Logo Bloomberg Technoz

Adapun, industri metanol merupakan industri petrokimia yang memegang peranan sangat penting bagi pengembangan industri di hilirnya. 

Bahan baku metanol sangat dibutuhkan dalam industri tekstil, plastik, resin sintetis, farmasi, insektisida, plywood. Metanol juga sangat berperan sebagai antifreeze dan inhibitor dalam kegiatan minyak dan gas (migas). Kemudian, metanol merupakan salah satu bahan baku untuk pembuatan biodiesel.

Selain itu, metanol dapat diolah lebih lanjut menjadi dimethyl ether (DME) yang dapat dimanfaatkan sebagai produk bahan bakar. 

Finalisasi Kajian 2025

Sebelumnya, PT Bumi Resources Tbk (BUMI) mengatakan tengah melakukan kajian ihwal penghiliran atau hilirisasi batu bara, di mana produk yang dibidik adalah metanol atau amonia.

Rio mengatakan Bumi Resources tengah melakukan finalisasi rencana industri hilirisasi batu bara, di mana perseroan menargetkan bakal menyelesaikan kajiannya pada 2025.

Adapun, studi kelayakan atau feasibility study (FS) sebenarnya sudah selesai, tetapi perseroan melihat dinamikanya menjadi sangat dinamis khususnya untuk menentukan produk hilirisasi yang akan dibidik.

Terlebih, BUMI mencermati perusahaan izin usaha pertambangan khusus (IUPK) sebagai perpanjangan dari Perjanjian Karya Pengusahaan Pertambangan Batu Bara (PKP2B) memiliki produk akhir hilirisasi yang sama, salah satunya metanol.

“Kalau misalnya semua orang harus bikin metanol, sebenarnya berapa kebutuhan di Indonesia? Apa iya kalau semua bikin metanol? Mau dibuang ke mana nanti? Market-nya di mana?,” ujarnya.

Bumi Resources Minerals. (tangkapan layar via bumiresourcesminerals.com)

Senada dengan Menperin Agus, Rio mengatakan metanol salah satunya digunakan untuk biodiesel di Indonesia, di mana saat ini Indonesia hanya memiliki satu industri metanol di Indonesia yang berorientasi pada ekspor.
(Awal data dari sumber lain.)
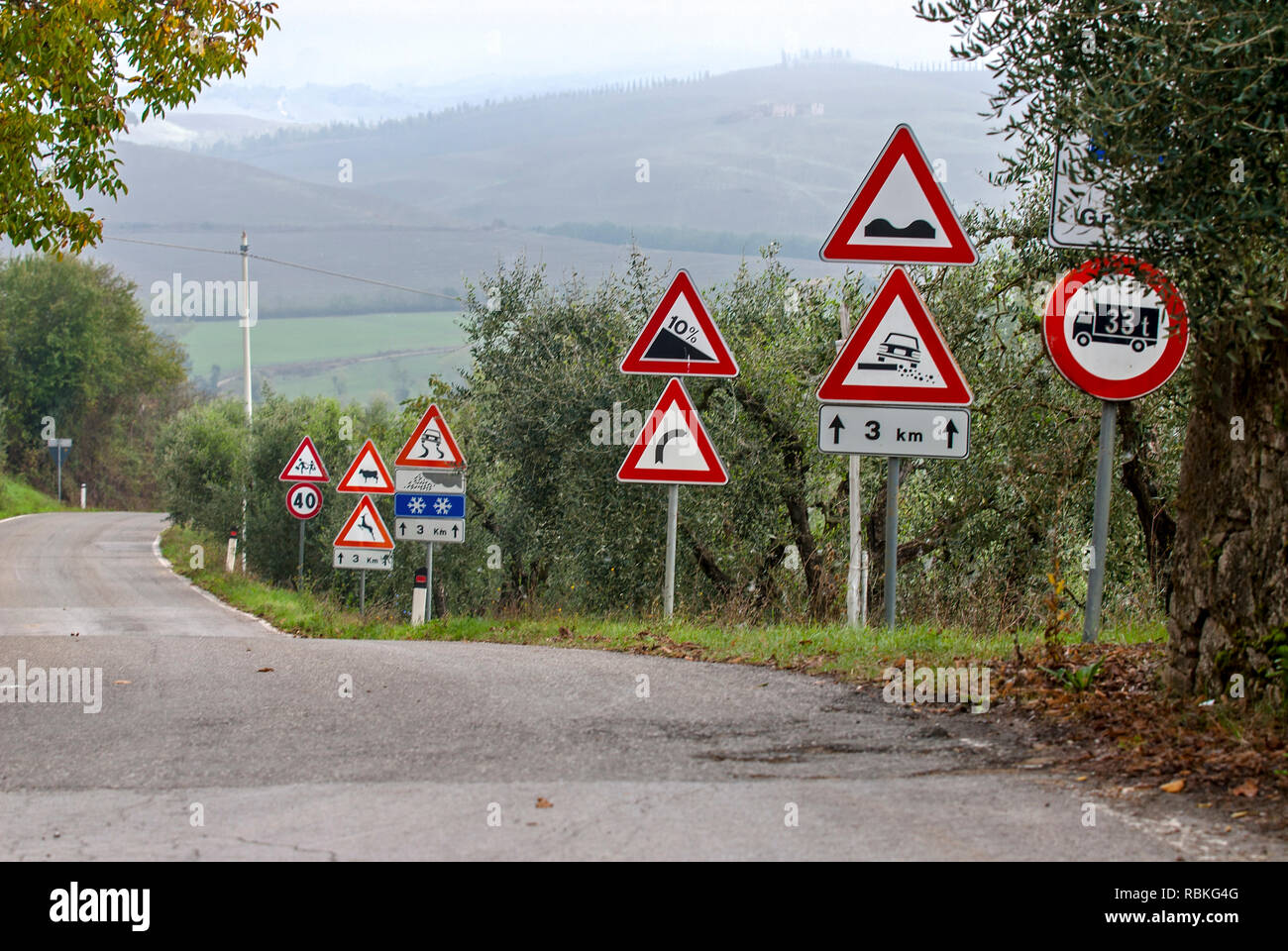 traffic sign clutter Stock Photo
Sementara itu, Rio mengatakan, metanol dari batu bara sulit untuk bersaing di pasar luar negeri. Apalagi, proyek tersebut membutuhkan belanja modal atau capital expenditure (capex) yang lebih besar dibandingkan dengan produksi metanol dari gas alam.

Hal ini terjadi karena perseroan harus membangun investasi dari awal, mulai dari membangun logistik, pembangkit listrik dan sebagainya.

Selain metanol, BUMI juga melakukan kajian terhadap amonia, yang lebih berorientasi pada ekspor. Produk tersebut memang memiliki pasar yang besar, khususnya bila Jepang berhasil dengan upaya untuk menggunakan amonia di pembangkit listriknya.

Namun, BUMI juga berhadapan dengan dilema apakah Jepang bakal menyerap grey ammonia dari Indonesia yang masih menghasilkan emisi karbon.

“Kalau sekarang semua produk tanpa ada CCUS, tanpa ada green energy yang bisa dihubungkan dan masuk dalam skala keekonomian handal pasti ini akan grey product,” ujarnya.

Grey product mungkin bisa bertahan sebentar, begitu keluar aturan harus blue dan green ammonia, waduh. Kita kan kalahnya kita umurnya baru muda, nanti pabrik belum balik, utang belum lunas, belum break even point, kita pasti begitu [aturan] itu keluar akan susah bersaing.”